However, the new M1 Macs are very good at managing memory and swapping data to their very fast SSD storage when required. As a result, performance is excellent – far better than you would probably find on an equivalent spec Intel machine. So it will be fast and perform well, but if you need 16GB then you need 16GB – simple as that.
 

Pugly

macrumors 6502
Jun 7, 2016
411
403
It's really hard to say without seeing some benchmarks or something. The tasks that need a lot of memory are very specific, and you will know when you don't have enough ram. I tried to stress-test a 2015 MBA with 8GB of ram, in Logic I loaded a bunch of instruments with a ton of large samples. I was able to load a lot more than I thought I could, but when it ran out of ram the computer slowed to a crawl. It was basically unusable at that point. I think for situations like this the amount of memory is a hard limit... but you really have to push it with specific tasks/applications and know what you need it for.

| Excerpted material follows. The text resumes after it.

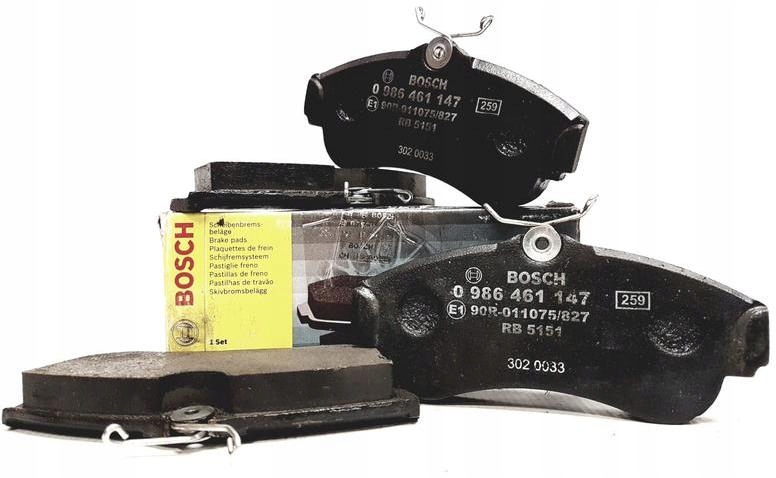 фото №1, Bosch 986 461 147 набор тормозных колодок тормозных, тормоза дисковые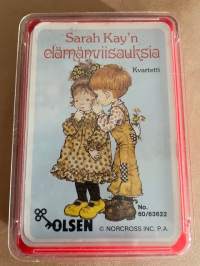 Sarah Kay’n elämänviisauksia -pelikortit / playing cards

For standard switching between active applications or caching websites the fast ssd should handle better, so the way the Mac handles memory will make it more seamless on less RAM. The everyday things people do will be seamless with 8GB I think.

So unless you know the heavy tasks you plan to do that will need the RAM, it's okay to go with 8GB. Of course if you want to do things that'll really push the Mac in the future 16GB is a safer bet. Also the M1 Macs, even though entry level, are almost as powerful as the Intel 16 inch MacBook Pro and those start at 16GB. So if you really want to stretch what's possible on your M1 MacBook 16GB makes it more of a balanced computer. But I think most people aren't going to get anywhere close to that.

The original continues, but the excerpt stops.